Republicans who have signed on to the bipartisan agreement include Sens. Mike Rounds (R-S.D.), Lindsey Graham (R-S.C.), John McCain (R-Ariz.), Bill Cassidy (R-La.), Susan Collins (R-Maine), Joni Ernst (R-Iowa), Lisa Murkowski (R-Alaska), Chuck Grassley (R-Iowa), Johnny Isakson (R-Ga.), Richard Burr (R-N.C.), and Bob Corker (R-Tenn.).

They join Sens. Angus King (I-Maine), Jeanne Shaheen (D-N.H.), Joe Donnelly (D-Ind.), Amy Klobuchar (D-Minn.), Heidi Heitkamp (D-N.D.), Al Franken (D-Minn.), Joe Manchin (D-W.Va.), Tom Carper (D-Del.), Tammy Baldwin (D-Wis.), Claire McCaskill (D-Mo.), and Maggie Hassan (D-N.H.).

Murray said that “the law is very clear that these payments are required — but with the president’ s decision to stop them families are looking to Congress and this administration and asking what we plan to do.”

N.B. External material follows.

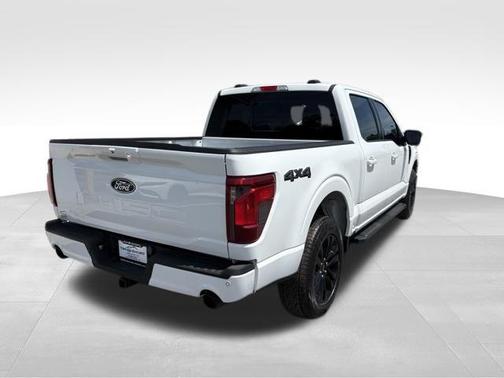 Oxford White 2024 Ford F-150 XLT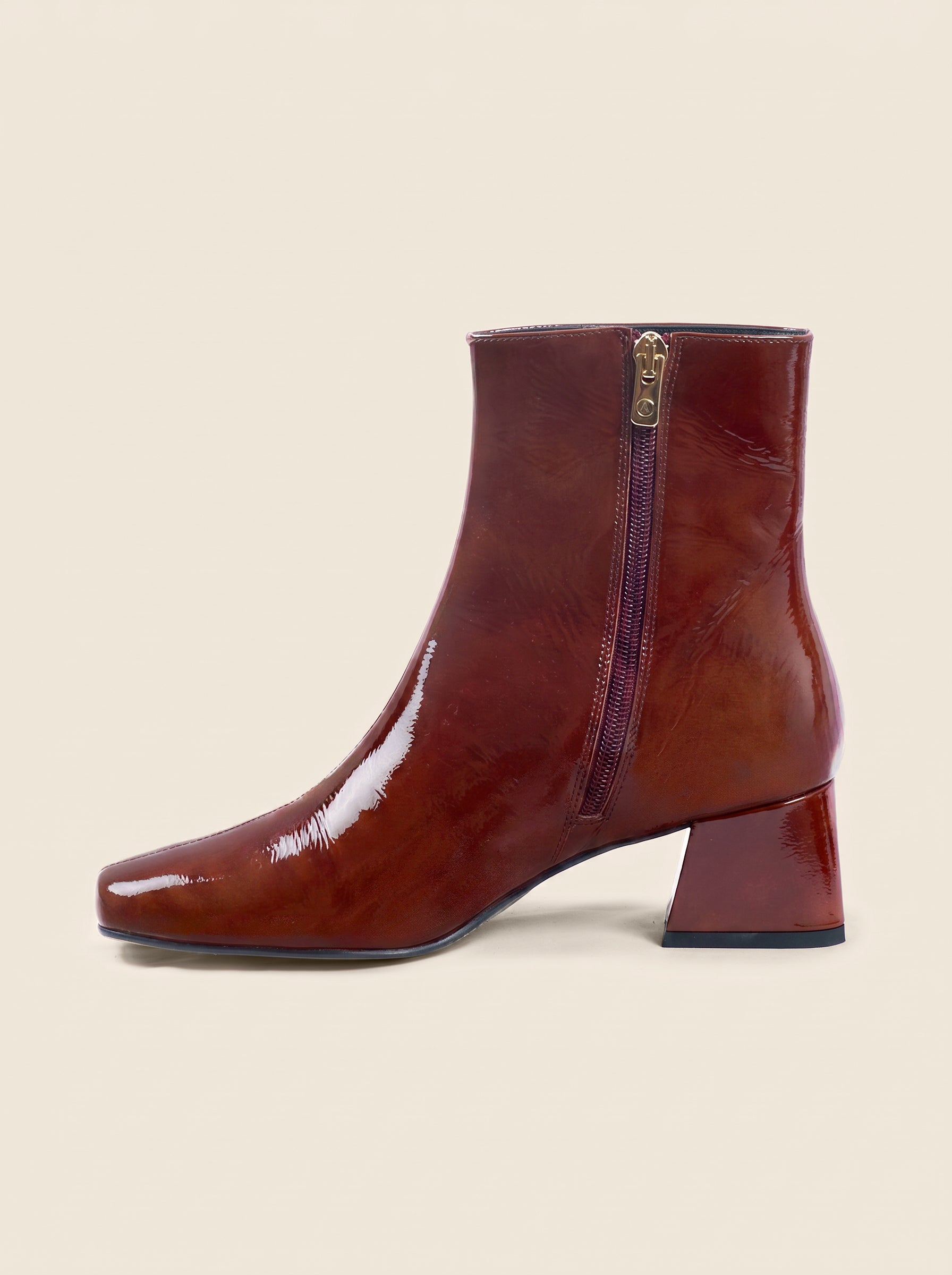 photo vue interrieure bottines moyen talon diane cuir vernis brique jules jenn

“So I am glad that both Democrats and Republicans agreed that we needed to act — and that we could do much better working together, under regular order, than doubling down on partisanship and dysfunction,” she said. “As a result of the hard work of Chairman Alexander and members of our health committee, and with the input of half the Senate, we’re able today to put forward an answer: a bipartisan solution that prevents families from paying the price for sabotage and uncertainty — one that members on both sides of the aisle can be proud to support.”